米国ノースウェスタン大学のスピンアウト企業Azul 3D社が開発した「LAKE」だ。
この「LAKE」は、これまでにない速度で一度に大量の材料を硬化させることが可能であるとされている。早速、こちらの動画をご覧いただきたい。
ご覧いただいたように、その速度は目をみはるばかりだ。これはLAKEに搭載された通称HARPと呼ばれる技術のデモ映像だ。なんでもHARPとはLEDライトエンジンを用いて一度に大量の材料を硬化するDLPシステムであり、それによって従来のDLP方式の3Dプリンターよりもはるかに大きな部品を、はるかに高い速度で生産できるのだという。
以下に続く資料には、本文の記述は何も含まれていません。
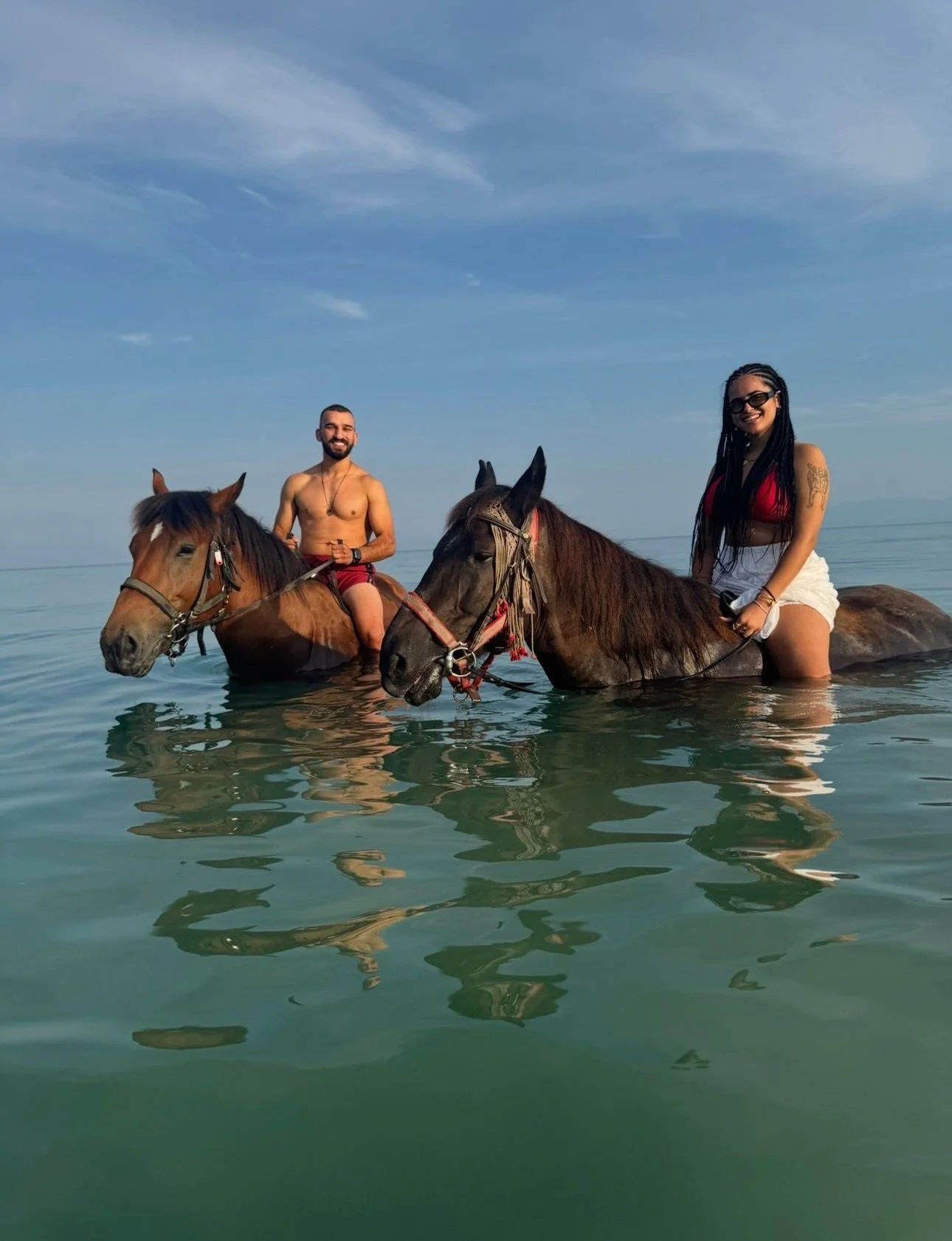 Two people riding horses in water, a man on the left and a woman on the right, under a blue sky with clouds.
このHARPという技術が最初に発表された時は従来のDLPの20倍のサイズの部品を100倍の速度で製造できるということが大きく話題となった。それに比較すると、今回、発売が決まったLAKEの能力はやや控えめなようだ。一度に16000万個の別々のピクセルに光を照射することが可能であり、速度は格段に上昇しているが、HARPの本領発揮にはまだ至っていない。おそらくは「さしあたっての第一段階」ということなのだろう。
実際、Azul3Dの創設者であるチャド・マーキンは「LAKEプリンターは3Dプリンティングにとって画期的なものとなるだろう」という言葉に付け加えるように次のように述べている。
「これはほんの始まりに過ぎません」
ちなみに、チャド・マーキンという人物は3Dプリンターの進歩史において非常に重要な人物でもある。マーキンのこれまでについては以下の記事をご参照いただきたい。
デシモンとマーキンの友情〜3Dプリント技術の最先端をめぐり争う二人の天才〜
https://skhonpo.com/blogs/blog/friendship
LAKEはAzul3Dが今後数年間に発表する予定の一連の3Dプリンターの最初の一機。予約はすでに始まっており納品は2022年になるとのこと。
そして、すでにLAKEの次世代プリンターとして「SEA」のリリースも決まっている。そちらは2022年の第4期に予約を開始する予定だとか。どうやらAzul3Dの3Dプリント革新は始まったばかりのようだ。